7. Impact and Related Research Directions
SpatialReward-Dataset variants establish spatial-aware reward modeling as a central paradigm for pixel-level and layout-level alignment in generative workflows. SpatialReward-260k’s explicit grounding supports state-of-the-art RL editing agents, resolving “Attention Collapse” by tethering semantic judgments to edit-localized evidence (Long et al., 7 Feb 2026). The T2I preference dataset enables precise evaluation of spatial-relation satisfaction in text-to-image systems; reward-driven RL leveraging this data yields measurable gains in multi-relation spatial fidelity (Tang et al., 27 Feb 2026). DesignSense-10k fills the gap in layout preference modeling, enabling robust, user-aligned evaluation and improvement in high-variance visual domains (Gopal et al., 26 Feb 2026).

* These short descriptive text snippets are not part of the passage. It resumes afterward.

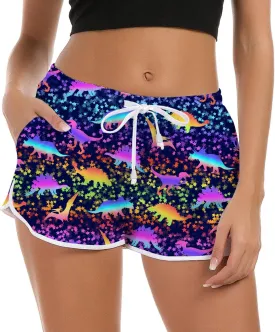 Idgreatim Women Summer Beach Boardshorts Quick Dry Swimwear Bottom Novelty Workout Pants with Drawstring
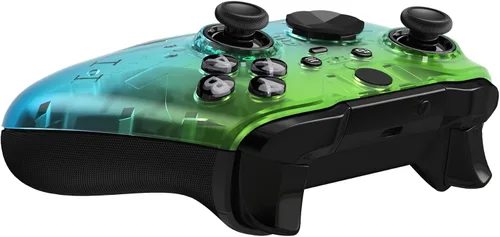 Vista 9 de eXtremeRate Gradient Translucent Green Blue Front Housing Shell Case Replacement Kit for Xbox One Elite Series 2, Xbox Elite 2 Core Controller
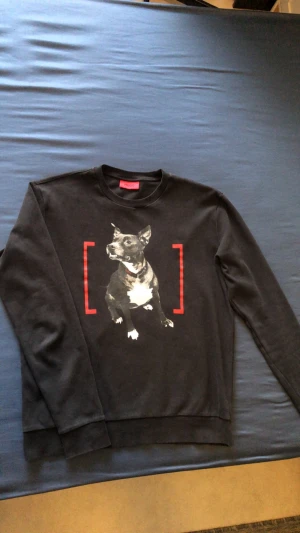 Hugo Boss - Sweatshirt från Hugo Boss med tryck av en hund i svartvitt. Fint skick, storlek M.
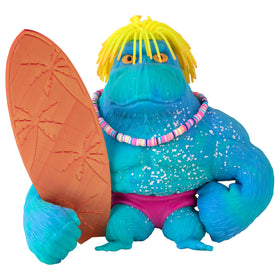 Orb Factory Surfer Dude Funkee Monkee with blue skin and board shorts, desk decor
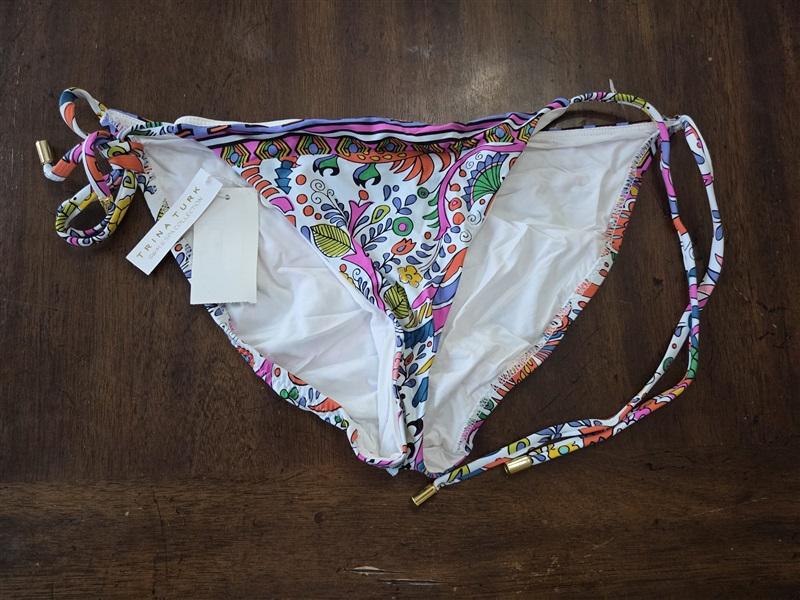 NWT Trina Turk 10 Jungle Beach Tie Side Cheeky Bikini Bottom Swim Suit 131880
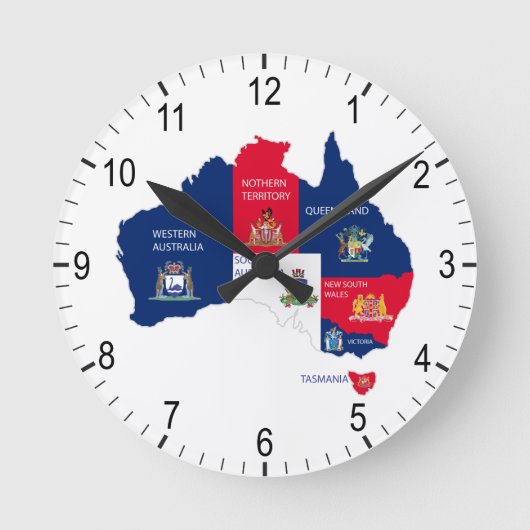 Kaart van Australië Ronde Klok (Voorkant)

A plausible implication is that such datasets, when tightly aligned with pixel/object-level evidence and subject to rigorous multi-stage validation, are indispensable for advancing the spatial fidelity of generative models and downstream alignment in complex image-based RL settings. Interoperability with existing format conventions (e.g., COCO-like layouts) facilitates extension to new domains, including UI design and robotics where explicit spatial reasoning is required.